(Exercise): Keep the pictures out. Copy every line of the listing exactly.

(Dataset section):
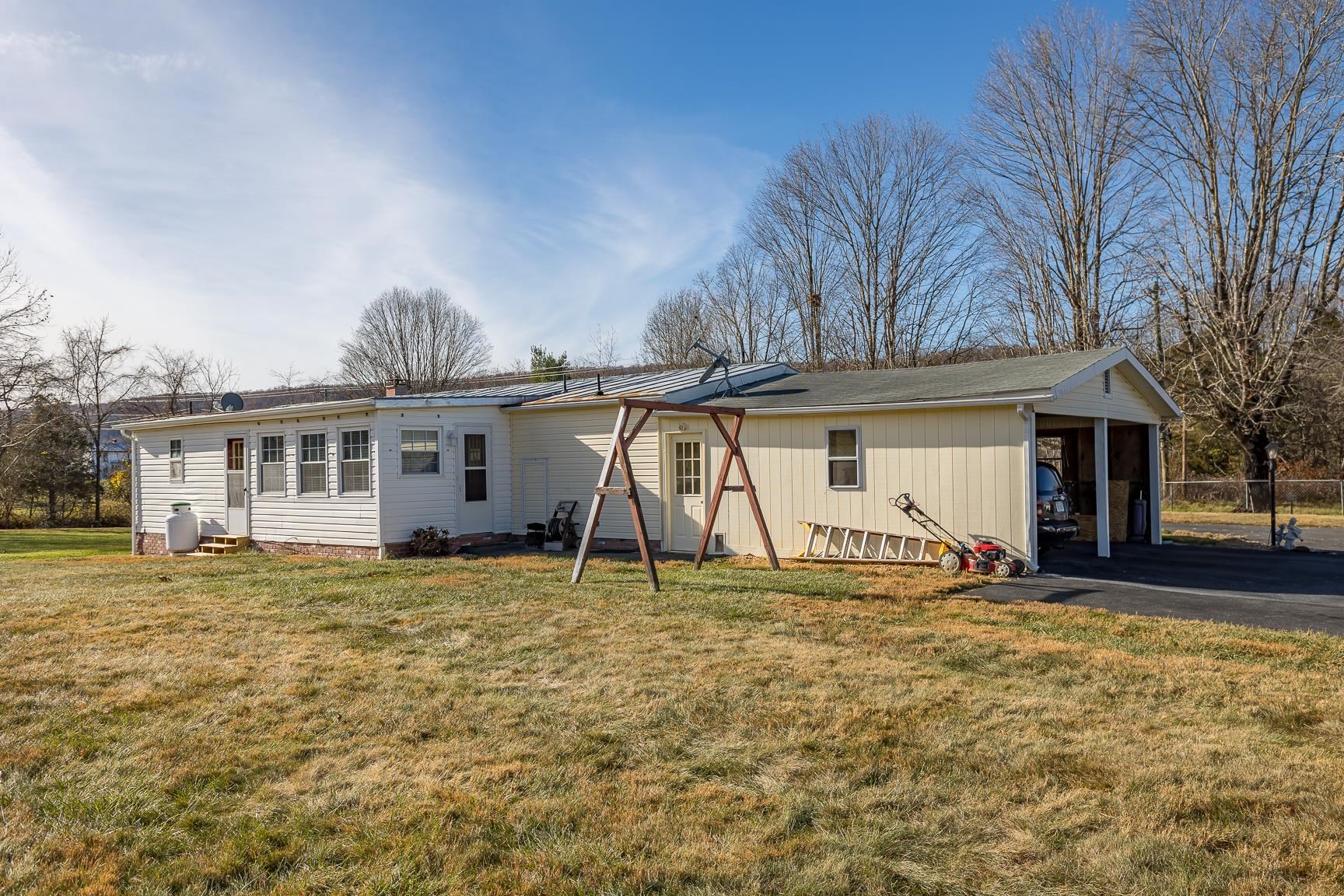 2518 Estaline Valley Rd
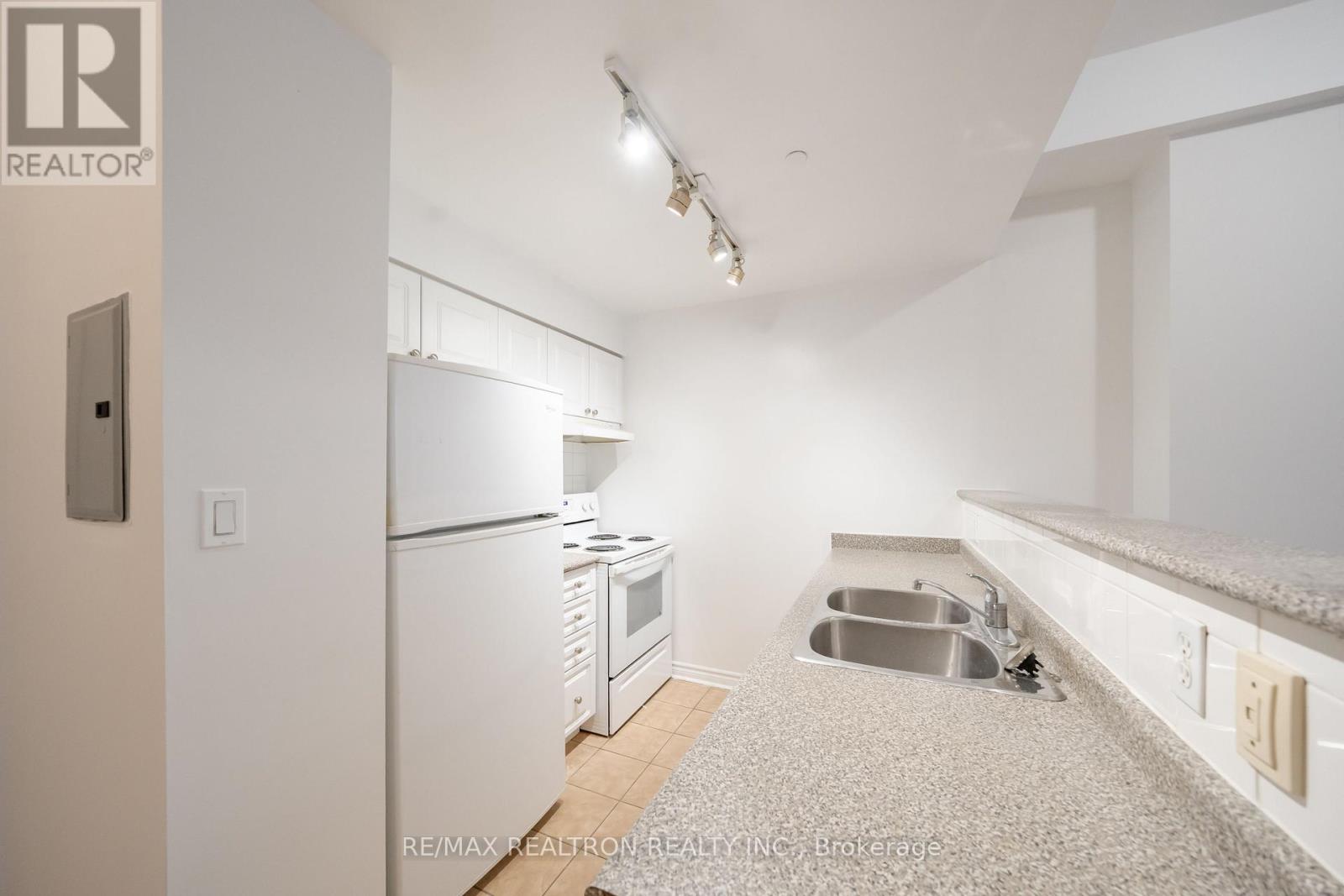 210 - 1407 Dupont Street, Toronto, Ontario  M6H 4J7 - Photo 6 - W12799492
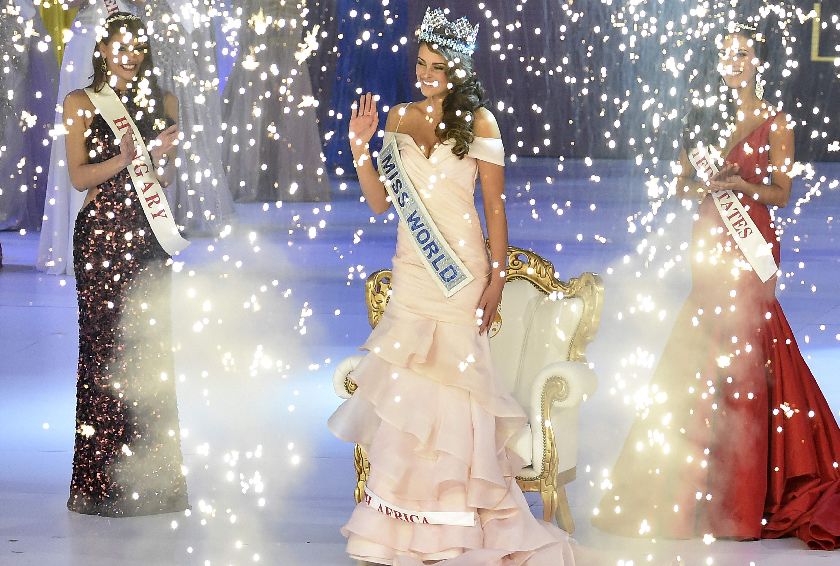 Rolene Strauss of South Africa (C) is crowned Miss World 2014, with Elizabeth Safrit of the U.S. (R) and Edina Kulczar of Hungary (L) third and runner-up respectively, at the ExCel Centre in east London, December 14, 2014. REUTERS/Toby Melville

(Response box):
 2518 Estaline Valley Rd
 210 - 1407 Dupont Street, Toronto, Ontario  M6H 4J7 - Photo 6 - W12799492
 Rolene Strauss of South Africa (C) is crowned Miss World 2014, with Elizabeth Safrit of the U.S. (R) and Edina Kulczar of Hungary (L) third and runner-up respectively, at the ExCel Centre in east London, December 14, 2014. REUTERS/Toby Melville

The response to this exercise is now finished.